*Task statement*.
Every entry should be reproduced precisely, with each picture left out.

(Caption-style text data)

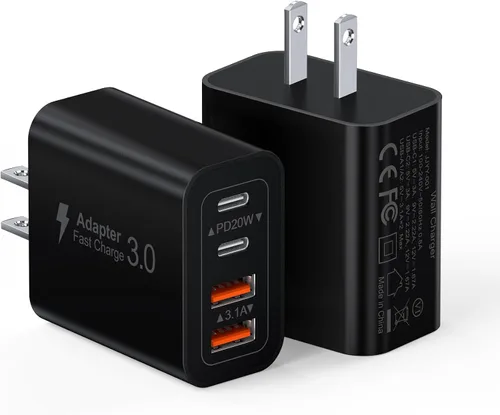 Vista 21 de [Paquete de 2] Cargador de pared USB C, cargador tipo C de 40 W, bloques de 40W 2Pack Azul bebé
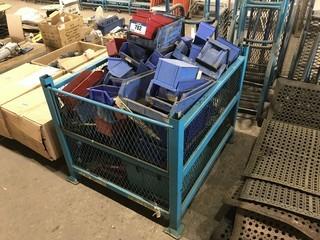 Lot of Steel Crate w/ Asst. Parts Bins and Wooden Crate w/ Asst. Parts Bins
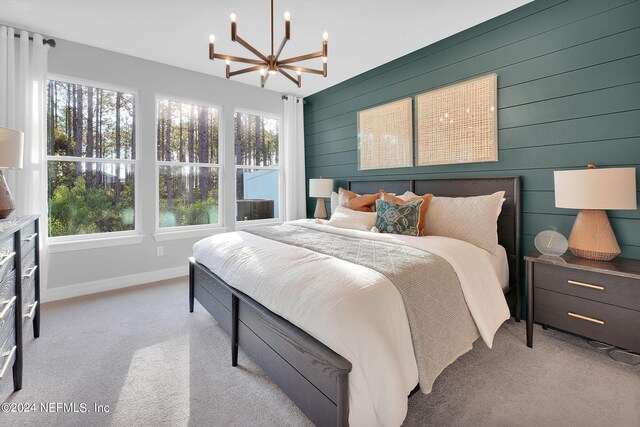 101 Glenhurst Ave, Ponte Vedra, FL 32081 - bedroom featuring an inviting chandelier, carpet floors, and baseboards
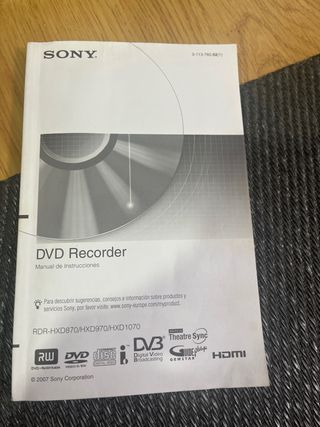 Grabadora DVD Sony RDR-HDX870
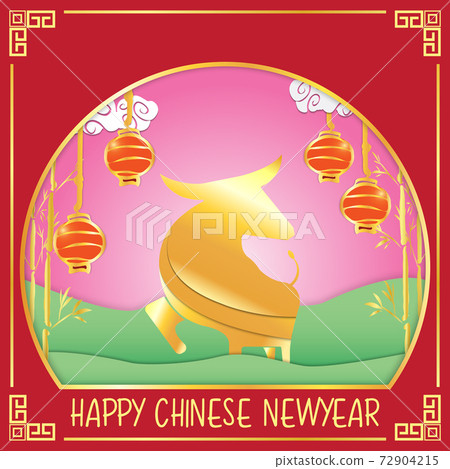 The golden ox for Chinese New Year 2021 for holiday content.. The golden ox for Chinese New Year 2021 for holiday content.. 72904215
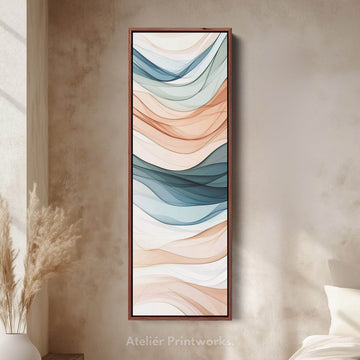 Long Narrow Vertical Wall Art Neutral Wave - Atelier Printworks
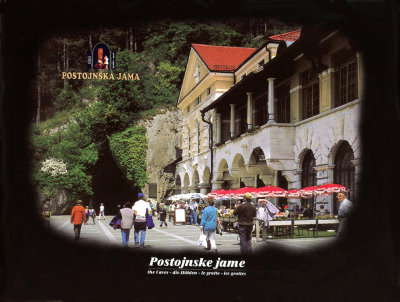 Entrance to the Postojna Caves (these photos are from postcards since I was not allowed to take photos inside the cave).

*Response box*.
 Vista 21 de [Paquete de 2] Cargador de pared USB C, cargador tipo C de 40 W, bloques de 40W 2Pack Azul bebé
 Lot of Steel Crate w/ Asst. Parts Bins and Wooden Crate w/ Asst. Parts Bins
 101 Glenhurst Ave, Ponte Vedra, FL 32081 - bedroom featuring an inviting chandelier, carpet floors, and baseboards
 Grabadora DVD Sony RDR-HDX870
 The golden ox for Chinese New Year 2021 for holiday content.. The golden ox for Chinese New Year 2021 for holiday content.. 72904215
 Long Narrow Vertical Wall Art Neutral Wave - Atelier Printworks
 Entrance to the Postojna Caves (these photos are from postcards since I was not allowed to take photos inside the cave).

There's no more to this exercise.